Tips and Tricks
For easier quilting
Difficulty threading needles?
Ever heard of wetting the end of the thread to get it through the needle, well, try wetting the back of the needle you’re putting it through instead. This works for sewing machines and hand stitching needles.
Different sized blocks?
When you’ve finished piecing your blocks, make sure that you square them up with a good ruler and cut them evenly using a sharp blade in your rotary cutter. Remember to trim to the smallest block to make sure they are all the same size. This will make it easier to sew all your blocks together, and will make it easier to line up your corners when sewing the blocks together, and prevent puckering of your quilt top.
Rotary cutter stiff?
Once in a while, when changing the blade in your rotary cutter, take the rotary cutter apart, dust it off and add ONE drop of sewing machine oil; wipe it very carefully with a tissue or some batting. Reassemble it and see how easy it is to use!
Like these tips?
Remove stitches easily
Try a moustache trimmer! Yes, it works. Just separate the seams enough to place the blade next to the stitches and move the trimmer forward to trim your unwanted seams. To remove all the thread bits, use a rolled up piece of masking tape.
Seam alignment secret
When two seams will be joined together, press the seam allowances in opposite directions. This helps distribute the bulk and ensures the seams will ling up.
Press and rest works best
Once fabric pieces have been pressed, let them cool in place. This prevents distortion of bias edges.
Glue stick secret
Store the glue sticks you use for applique in the refrigerator. This keeps them firmer, making them easier to use and longer lasting.

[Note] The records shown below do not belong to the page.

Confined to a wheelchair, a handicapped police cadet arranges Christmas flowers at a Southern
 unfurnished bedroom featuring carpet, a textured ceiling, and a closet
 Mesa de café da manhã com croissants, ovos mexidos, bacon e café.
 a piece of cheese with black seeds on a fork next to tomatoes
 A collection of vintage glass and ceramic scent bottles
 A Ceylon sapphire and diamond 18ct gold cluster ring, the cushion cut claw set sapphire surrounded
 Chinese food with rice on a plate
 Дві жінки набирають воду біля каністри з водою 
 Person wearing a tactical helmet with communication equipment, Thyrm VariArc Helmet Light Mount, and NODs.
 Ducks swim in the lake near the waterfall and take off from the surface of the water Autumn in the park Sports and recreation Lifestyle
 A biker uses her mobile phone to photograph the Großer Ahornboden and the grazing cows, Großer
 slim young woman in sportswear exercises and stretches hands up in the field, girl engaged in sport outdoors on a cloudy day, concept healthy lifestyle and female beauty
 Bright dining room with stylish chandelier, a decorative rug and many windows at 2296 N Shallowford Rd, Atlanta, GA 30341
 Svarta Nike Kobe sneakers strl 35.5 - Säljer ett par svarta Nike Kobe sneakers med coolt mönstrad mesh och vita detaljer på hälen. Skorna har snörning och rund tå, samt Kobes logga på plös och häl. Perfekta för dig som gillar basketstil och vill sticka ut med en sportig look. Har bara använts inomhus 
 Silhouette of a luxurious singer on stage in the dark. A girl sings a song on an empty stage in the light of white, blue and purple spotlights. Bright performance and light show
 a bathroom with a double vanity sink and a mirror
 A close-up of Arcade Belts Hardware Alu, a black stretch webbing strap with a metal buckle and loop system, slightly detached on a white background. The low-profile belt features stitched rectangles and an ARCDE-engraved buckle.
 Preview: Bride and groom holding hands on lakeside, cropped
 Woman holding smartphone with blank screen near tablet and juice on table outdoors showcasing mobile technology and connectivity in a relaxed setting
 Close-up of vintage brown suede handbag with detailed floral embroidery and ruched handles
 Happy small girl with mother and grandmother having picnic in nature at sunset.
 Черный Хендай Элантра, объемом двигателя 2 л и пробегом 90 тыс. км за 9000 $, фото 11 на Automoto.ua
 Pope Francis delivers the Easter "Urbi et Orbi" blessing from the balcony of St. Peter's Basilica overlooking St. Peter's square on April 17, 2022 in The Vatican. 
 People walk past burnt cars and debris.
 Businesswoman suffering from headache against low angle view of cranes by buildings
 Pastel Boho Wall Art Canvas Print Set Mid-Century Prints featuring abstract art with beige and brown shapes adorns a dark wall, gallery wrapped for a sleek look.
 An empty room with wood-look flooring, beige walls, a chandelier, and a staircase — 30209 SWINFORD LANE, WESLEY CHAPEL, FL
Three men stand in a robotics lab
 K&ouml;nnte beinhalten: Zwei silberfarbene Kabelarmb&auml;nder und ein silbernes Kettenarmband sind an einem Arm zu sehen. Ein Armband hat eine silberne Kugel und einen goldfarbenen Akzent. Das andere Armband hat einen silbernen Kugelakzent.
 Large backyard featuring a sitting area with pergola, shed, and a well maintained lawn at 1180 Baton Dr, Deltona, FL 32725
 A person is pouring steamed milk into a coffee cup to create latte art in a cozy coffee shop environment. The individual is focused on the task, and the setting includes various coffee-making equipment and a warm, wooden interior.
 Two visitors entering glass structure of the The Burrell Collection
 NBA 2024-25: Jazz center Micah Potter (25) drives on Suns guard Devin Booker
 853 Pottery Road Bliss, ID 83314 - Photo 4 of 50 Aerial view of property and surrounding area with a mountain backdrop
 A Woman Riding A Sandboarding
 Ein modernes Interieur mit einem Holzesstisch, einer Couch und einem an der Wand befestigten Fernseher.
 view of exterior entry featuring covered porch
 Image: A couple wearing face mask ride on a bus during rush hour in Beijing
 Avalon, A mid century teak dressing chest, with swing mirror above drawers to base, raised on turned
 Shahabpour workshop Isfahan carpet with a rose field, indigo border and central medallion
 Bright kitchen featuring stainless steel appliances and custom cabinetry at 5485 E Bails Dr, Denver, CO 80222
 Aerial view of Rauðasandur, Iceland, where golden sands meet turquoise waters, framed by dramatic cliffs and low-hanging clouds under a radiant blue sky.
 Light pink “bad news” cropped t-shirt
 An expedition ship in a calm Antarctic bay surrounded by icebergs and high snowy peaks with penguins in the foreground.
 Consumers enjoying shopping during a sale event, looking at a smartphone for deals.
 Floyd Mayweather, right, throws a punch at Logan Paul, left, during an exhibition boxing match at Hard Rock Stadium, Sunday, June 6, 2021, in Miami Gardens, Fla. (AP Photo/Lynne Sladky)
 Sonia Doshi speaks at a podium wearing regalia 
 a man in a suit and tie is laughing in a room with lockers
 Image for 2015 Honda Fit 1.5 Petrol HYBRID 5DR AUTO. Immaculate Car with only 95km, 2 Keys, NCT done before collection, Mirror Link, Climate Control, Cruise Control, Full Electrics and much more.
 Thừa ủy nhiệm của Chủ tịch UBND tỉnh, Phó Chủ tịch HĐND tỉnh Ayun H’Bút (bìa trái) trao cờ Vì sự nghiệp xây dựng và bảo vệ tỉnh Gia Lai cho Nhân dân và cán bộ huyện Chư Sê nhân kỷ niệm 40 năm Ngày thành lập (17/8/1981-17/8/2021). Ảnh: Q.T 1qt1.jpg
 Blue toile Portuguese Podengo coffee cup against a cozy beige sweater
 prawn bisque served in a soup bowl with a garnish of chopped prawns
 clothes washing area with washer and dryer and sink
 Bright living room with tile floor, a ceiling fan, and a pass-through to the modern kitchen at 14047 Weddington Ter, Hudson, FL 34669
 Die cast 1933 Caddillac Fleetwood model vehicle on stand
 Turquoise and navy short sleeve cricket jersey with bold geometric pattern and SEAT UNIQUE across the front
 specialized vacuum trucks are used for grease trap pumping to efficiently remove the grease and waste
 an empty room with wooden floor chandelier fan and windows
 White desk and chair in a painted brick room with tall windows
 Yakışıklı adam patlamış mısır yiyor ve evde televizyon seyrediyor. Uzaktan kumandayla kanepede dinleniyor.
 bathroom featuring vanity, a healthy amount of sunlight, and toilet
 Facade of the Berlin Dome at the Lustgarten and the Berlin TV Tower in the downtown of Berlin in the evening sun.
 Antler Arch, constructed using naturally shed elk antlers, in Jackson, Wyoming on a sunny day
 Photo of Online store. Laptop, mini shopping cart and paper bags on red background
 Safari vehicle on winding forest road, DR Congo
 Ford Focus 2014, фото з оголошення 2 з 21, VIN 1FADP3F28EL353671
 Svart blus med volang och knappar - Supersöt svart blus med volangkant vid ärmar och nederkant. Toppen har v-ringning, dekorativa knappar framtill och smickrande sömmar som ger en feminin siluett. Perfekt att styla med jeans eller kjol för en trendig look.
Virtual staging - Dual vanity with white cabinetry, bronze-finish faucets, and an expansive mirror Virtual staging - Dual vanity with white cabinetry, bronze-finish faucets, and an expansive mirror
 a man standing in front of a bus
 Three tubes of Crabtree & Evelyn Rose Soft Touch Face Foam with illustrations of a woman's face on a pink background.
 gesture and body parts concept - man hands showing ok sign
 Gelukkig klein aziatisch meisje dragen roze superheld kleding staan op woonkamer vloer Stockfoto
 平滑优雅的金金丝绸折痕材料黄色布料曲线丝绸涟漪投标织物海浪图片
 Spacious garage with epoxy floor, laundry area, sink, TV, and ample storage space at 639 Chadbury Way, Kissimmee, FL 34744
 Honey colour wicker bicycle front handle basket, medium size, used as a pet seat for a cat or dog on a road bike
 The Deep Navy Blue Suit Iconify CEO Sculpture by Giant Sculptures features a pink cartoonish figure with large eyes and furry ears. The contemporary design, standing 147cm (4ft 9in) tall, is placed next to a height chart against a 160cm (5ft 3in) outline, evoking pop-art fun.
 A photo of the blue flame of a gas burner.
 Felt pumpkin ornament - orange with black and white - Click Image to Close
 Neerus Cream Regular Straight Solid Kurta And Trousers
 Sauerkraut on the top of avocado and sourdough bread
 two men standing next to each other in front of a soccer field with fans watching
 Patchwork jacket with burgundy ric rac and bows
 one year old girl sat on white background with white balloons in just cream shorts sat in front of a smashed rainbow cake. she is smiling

Straight and square borders
For border strips, measure the length and width of the quilt top through the center to ensure straight sides and square corners. Measuring along the edges is less accurate because they may have stretched during assembly.
Mistake-proof trimming method
When you want to trim the batting, but not the backing, of the quilted piece, slip the edge of your rotary cutting mat between the backing and batting before you begin. This will prevent you from inadvertently cutting into the backing fabric.
See before you sew
Experiment with your arrangement of blocks by postioning them on a bed sheet until you’re satisfied. Once pleased, pin them to the sheet before carrying them to your sewing machine so they don’t fall out of place.
Windows work wonders
To see what a medium or large print fabric will look like when it’s cut into smaller pieces, make a template window out of paperboard, such as an empty cereal or cracker box. Take that with you when you’re fabric shopping or auditioning fabric.